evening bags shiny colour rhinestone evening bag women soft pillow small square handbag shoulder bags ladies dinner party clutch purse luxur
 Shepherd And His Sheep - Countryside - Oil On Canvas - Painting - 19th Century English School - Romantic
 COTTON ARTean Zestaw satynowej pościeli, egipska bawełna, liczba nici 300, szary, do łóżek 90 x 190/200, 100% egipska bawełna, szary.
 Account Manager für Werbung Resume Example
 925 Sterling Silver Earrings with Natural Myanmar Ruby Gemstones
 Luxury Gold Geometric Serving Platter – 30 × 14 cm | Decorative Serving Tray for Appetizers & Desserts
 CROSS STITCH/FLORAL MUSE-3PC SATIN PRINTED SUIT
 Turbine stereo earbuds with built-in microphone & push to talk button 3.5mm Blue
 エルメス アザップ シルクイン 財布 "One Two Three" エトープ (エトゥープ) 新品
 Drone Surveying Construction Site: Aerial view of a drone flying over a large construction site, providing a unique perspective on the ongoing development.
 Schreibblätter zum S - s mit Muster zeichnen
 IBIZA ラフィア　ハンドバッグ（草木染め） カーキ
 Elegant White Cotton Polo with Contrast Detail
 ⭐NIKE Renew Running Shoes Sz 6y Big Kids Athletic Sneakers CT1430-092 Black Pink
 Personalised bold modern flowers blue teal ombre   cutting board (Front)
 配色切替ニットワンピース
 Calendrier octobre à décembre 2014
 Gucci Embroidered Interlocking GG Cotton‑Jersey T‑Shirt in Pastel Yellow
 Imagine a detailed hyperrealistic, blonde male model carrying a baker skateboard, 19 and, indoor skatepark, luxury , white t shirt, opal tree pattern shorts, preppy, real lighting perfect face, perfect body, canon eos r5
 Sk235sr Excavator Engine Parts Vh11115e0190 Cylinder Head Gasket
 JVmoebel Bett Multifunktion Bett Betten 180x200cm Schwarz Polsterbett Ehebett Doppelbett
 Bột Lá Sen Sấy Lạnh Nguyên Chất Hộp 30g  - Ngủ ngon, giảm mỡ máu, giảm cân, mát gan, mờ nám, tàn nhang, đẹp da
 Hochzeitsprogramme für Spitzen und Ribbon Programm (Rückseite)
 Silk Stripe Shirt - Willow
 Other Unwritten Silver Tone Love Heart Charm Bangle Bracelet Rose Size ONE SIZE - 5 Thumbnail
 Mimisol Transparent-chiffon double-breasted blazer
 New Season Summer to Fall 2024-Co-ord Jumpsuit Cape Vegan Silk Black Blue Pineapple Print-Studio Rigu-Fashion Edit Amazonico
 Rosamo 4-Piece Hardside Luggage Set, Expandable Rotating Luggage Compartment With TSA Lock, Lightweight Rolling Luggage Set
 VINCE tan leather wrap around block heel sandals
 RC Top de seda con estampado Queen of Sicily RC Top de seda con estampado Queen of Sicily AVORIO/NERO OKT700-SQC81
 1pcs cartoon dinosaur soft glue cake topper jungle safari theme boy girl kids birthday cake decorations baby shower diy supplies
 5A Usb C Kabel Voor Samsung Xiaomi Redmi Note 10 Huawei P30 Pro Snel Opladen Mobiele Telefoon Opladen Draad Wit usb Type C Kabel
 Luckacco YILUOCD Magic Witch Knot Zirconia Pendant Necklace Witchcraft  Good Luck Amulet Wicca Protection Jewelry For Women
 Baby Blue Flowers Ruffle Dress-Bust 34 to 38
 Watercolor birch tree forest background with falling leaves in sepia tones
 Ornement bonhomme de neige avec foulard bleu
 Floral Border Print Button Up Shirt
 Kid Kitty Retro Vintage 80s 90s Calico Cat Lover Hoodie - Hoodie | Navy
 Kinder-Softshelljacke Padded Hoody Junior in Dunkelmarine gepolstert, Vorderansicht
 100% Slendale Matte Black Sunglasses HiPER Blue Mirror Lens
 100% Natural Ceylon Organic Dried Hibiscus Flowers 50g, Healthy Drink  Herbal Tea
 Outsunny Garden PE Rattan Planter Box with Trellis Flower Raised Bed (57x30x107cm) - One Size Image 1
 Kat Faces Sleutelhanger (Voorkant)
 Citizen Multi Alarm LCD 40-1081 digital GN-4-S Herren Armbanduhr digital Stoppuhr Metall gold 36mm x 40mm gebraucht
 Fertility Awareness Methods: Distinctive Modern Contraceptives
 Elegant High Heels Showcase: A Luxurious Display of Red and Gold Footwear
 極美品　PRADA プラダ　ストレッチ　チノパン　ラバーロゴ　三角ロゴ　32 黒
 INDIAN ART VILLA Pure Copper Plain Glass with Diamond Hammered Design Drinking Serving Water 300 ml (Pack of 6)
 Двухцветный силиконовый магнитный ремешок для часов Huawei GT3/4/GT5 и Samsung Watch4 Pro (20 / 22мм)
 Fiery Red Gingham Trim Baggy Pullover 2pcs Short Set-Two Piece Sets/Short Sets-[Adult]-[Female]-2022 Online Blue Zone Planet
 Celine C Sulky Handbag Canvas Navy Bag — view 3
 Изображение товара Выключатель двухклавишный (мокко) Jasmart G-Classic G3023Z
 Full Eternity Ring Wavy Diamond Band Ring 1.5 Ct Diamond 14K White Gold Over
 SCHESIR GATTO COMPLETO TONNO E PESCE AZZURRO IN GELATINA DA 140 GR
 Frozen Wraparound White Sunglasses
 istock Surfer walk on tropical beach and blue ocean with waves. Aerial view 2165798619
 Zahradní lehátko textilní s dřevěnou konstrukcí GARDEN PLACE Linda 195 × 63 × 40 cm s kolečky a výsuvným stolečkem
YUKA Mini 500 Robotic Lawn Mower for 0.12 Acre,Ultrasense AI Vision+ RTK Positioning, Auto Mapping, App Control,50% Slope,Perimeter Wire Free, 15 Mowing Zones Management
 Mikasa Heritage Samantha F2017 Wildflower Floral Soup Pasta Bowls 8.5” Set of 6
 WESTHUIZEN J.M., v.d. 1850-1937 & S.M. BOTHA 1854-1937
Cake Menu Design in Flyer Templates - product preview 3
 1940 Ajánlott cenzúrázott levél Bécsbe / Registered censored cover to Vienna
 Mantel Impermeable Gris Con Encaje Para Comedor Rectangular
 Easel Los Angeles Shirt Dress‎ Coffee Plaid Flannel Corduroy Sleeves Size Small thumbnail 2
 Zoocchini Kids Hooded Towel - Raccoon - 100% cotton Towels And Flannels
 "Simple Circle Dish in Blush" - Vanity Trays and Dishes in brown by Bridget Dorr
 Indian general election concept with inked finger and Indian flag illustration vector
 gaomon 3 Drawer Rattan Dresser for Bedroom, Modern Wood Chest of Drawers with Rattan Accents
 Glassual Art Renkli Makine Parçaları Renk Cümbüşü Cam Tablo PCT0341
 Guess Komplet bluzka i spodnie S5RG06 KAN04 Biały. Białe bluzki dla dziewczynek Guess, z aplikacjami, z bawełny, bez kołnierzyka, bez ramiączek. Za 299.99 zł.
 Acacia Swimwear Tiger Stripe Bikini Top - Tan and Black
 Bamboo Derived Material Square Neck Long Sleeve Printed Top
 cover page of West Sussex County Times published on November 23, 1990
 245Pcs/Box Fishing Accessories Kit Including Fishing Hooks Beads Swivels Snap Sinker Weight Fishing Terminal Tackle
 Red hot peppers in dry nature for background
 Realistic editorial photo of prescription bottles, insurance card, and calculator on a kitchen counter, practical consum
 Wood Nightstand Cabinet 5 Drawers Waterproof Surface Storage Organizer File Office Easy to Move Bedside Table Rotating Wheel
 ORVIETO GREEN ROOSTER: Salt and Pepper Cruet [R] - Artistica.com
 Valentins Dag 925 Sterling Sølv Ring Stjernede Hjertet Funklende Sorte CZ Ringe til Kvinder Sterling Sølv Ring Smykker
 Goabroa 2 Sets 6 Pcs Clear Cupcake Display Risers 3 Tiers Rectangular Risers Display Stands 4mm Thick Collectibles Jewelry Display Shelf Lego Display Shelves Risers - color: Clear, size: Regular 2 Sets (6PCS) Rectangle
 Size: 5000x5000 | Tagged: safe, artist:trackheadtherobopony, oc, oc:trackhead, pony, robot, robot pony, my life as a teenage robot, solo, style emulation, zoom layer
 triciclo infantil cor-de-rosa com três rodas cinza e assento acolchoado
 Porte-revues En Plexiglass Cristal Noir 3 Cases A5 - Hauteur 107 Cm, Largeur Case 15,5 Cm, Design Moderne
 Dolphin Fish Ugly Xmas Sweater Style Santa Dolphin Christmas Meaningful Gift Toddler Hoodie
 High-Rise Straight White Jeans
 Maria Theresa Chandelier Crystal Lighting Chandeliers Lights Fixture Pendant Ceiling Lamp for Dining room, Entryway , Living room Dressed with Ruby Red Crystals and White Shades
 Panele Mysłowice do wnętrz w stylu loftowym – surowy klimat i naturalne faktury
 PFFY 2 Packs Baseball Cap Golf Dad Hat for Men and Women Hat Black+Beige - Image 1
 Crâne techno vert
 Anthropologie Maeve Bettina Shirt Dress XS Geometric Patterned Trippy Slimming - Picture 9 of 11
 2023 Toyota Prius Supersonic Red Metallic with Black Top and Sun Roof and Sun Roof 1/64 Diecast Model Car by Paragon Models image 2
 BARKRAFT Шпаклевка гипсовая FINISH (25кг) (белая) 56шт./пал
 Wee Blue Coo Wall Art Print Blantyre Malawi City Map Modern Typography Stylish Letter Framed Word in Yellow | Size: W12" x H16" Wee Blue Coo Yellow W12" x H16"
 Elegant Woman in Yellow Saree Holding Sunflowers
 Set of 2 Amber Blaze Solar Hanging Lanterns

▸ **Problem to solve**: Take the stretch of lines above from the one containing "Двухцветный силиконовый магнитный" through the one containing "Easel Los Angeles" and repeat it exactly, adding no other line.

▸ **Answer below**:
 Двухцветный силиконовый магнитный ремешок для часов Huawei GT3/4/GT5 и Samsung Watch4 Pro (20 / 22мм)
 Fiery Red Gingham Trim Baggy Pullover 2pcs Short Set-Two Piece Sets/Short Sets-[Adult]-[Female]-2022 Online Blue Zone Planet
 Celine C Sulky Handbag Canvas Navy Bag — view 3
 Изображение товара Выключатель двухклавишный (мокко) Jasmart G-Classic G3023Z
 Full Eternity Ring Wavy Diamond Band Ring 1.5 Ct Diamond 14K White Gold Over
 SCHESIR GATTO COMPLETO TONNO E PESCE AZZURRO IN GELATINA DA 140 GR
 Frozen Wraparound White Sunglasses
 istock Surfer walk on tropical beach and blue ocean with waves. Aerial view 2165798619
 Zahradní lehátko textilní s dřevěnou konstrukcí GARDEN PLACE Linda 195 × 63 × 40 cm s kolečky a výsuvným stolečkem
YUKA Mini 500 Robotic Lawn Mower for 0.12 Acre,Ultrasense AI Vision+ RTK Positioning, Auto Mapping, App Control,50% Slope,Perimeter Wire Free, 15 Mowing Zones Management
 Mikasa Heritage Samantha F2017 Wildflower Floral Soup Pasta Bowls 8.5” Set of 6
 WESTHUIZEN J.M., v.d. 1850-1937 & S.M. BOTHA 1854-1937
Cake Menu Design in Flyer Templates - product preview 3
 1940 Ajánlott cenzúrázott levél Bécsbe / Registered censored cover to Vienna
 Mantel Impermeable Gris Con Encaje Para Comedor Rectangular
 Easel Los Angeles Shirt Dress‎ Coffee Plaid Flannel Corduroy Sleeves Size Small thumbnail 2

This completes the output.